The Reserve Bank of New Zealand (RBNZ), which raised its rate by 100 basis points in 2014, added that it's central projection was consistent with a period of stability in the OCR, a slight change to January's statement when it said it it expected to keep the OCR on hold for some time.
But the RBNZ sharpened its language about the New Zealand dollar, known as the kiwi. While it repeated that it remains unjustifiably high and unsustainable in light of the country's economic fundamentals, it added that "a substantial downward correction in the real exchange rate is needed to put New Zealand's external accounts on a more sustainable footing."
This compares with January's statement when it said that it expected "further significant depreciation."
The kiwi appreciated from the global financial crises in March 2009 to July 2014 but since then it has been depreciating, with the fall accelerating since Jan. 19 this year when the RBNZ dropped its previous tightening bias.

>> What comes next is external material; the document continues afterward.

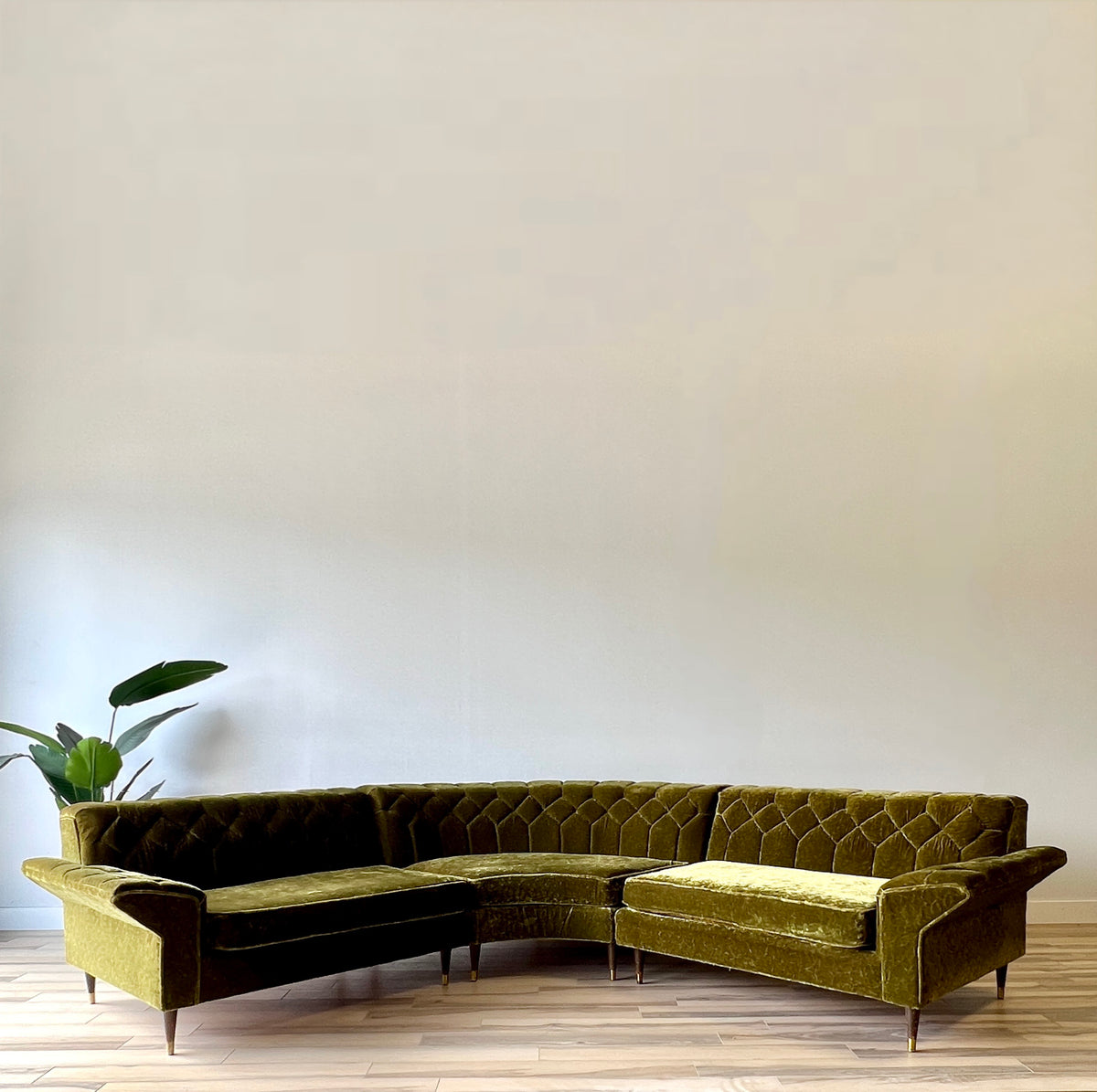 Vintage style sectional sofa sales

The kiwi then resumed its rise during February but started falling this month. Today it rose sharply following the RBNZ's statement, quoted at 1.369 to the U.S. dollar compared with yesterday's 1.388, but was down 6.3 percent since the start of the year.

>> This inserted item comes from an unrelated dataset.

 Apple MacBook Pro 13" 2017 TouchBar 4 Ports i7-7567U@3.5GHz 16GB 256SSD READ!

In addition to the stronger language about the kiwi, the RBNZ also seems to have become more concerned about the fall in inflation, saying inflation expectations appeared to have fallen and it would be "closely monitoring the impact of this trend in wage and price setting behaviour."
New Zealand's inflation rate fell further in the fourth quarter of 2014 to 0.8 percent from 1.0 percent in the third quarter, below the central bank's target of 2.0 percent, plus/minus 1 percentage point.

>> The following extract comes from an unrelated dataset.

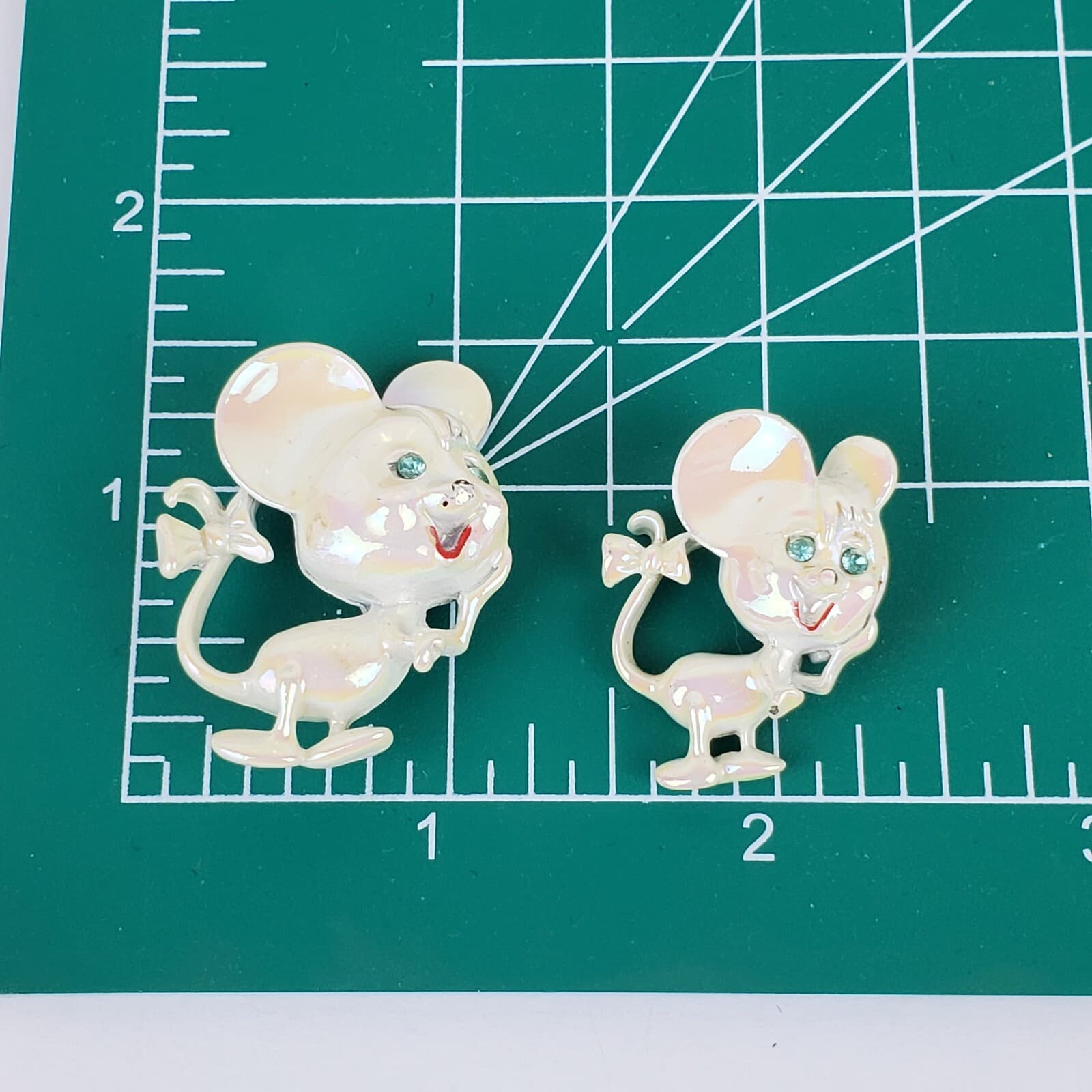 Vintage Pair of White Metal Enamel Rhinestone Mice with Bows on Tails Brooch Pin - Thumbnail 3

The RBNZ said it expects inflation to fall to around zero in the March quarter and remain low during the rest of this year due to the high exchange rate, low global inflation and the fall in petrol prices.
The Reserve Bank of New Zealand issued the following statement:
"Statement issued by Reserve Bank Governor Graeme Wheeler:
The Reserve Bank today left the Official Cash Rate unchanged at 3.5 percent.
Global financial conditions remain very accommodative, and are reflected in high equity prices and record low interest rates. However, volatility in financial markets has increased since late-2014 following the sharp drop in oil prices, continued uncertainty about the global outlook and US monetary policy, and policy easings by a number of central banks.
Trading partner growth in 2015 is expected to continue at a similar pace to 2014. Growth remains robust in the US, but has slowed recently in China.
World oil prices are about 50 percent below their June-2014 peak, more reflecting increased supply than demand factors. The fall in oil prices is net positive for global economic growth, but will further reduce inflation in the near term, at a time when global inflation is already very low.
The domestic economy remains strong. The fall in petrol prices has increased households’ purchasing power and lowered the cost of doing business. Employment and construction activity are strong. Net immigration remains high, and monetary policy continues to be supportive. The housing market is showing signs of picking up, particularly in Auckland. However, there are a number of factors weighing on domestic growth, including drought conditions in parts of the country, fiscal consolidation, reduced dairy incomes, and the high exchange rate.
On a trade-weighted basis, the New Zealand dollar remains unjustifiably high and unsustainable in terms of New Zealand’s long-term economic fundamentals. A substantial downward correction in the real exchange rate is needed to put New Zealand’s external accounts on a more sustainable footing.
Annual CPI inflation is expected to fall to around zero in the March quarter and remain low over 2015, reflecting the high exchange rate, low global inflation, and the recent falls in petrol prices. Inflation expectations appear to have fallen recently, and we will be closely monitoring the impact of this trend on wage and price setting behaviour, especially in the non-traded sector.
Monetary policy remains focused on ensuring inflation settles at 2 percent over the medium term. As the economy expands, inflation returns gradually towards the midpoint of the target range.
Our central projection is consistent with a period of stability in the OCR. However, future interest rate adjustments, either up or down, will depend on the emerging flow of economic data."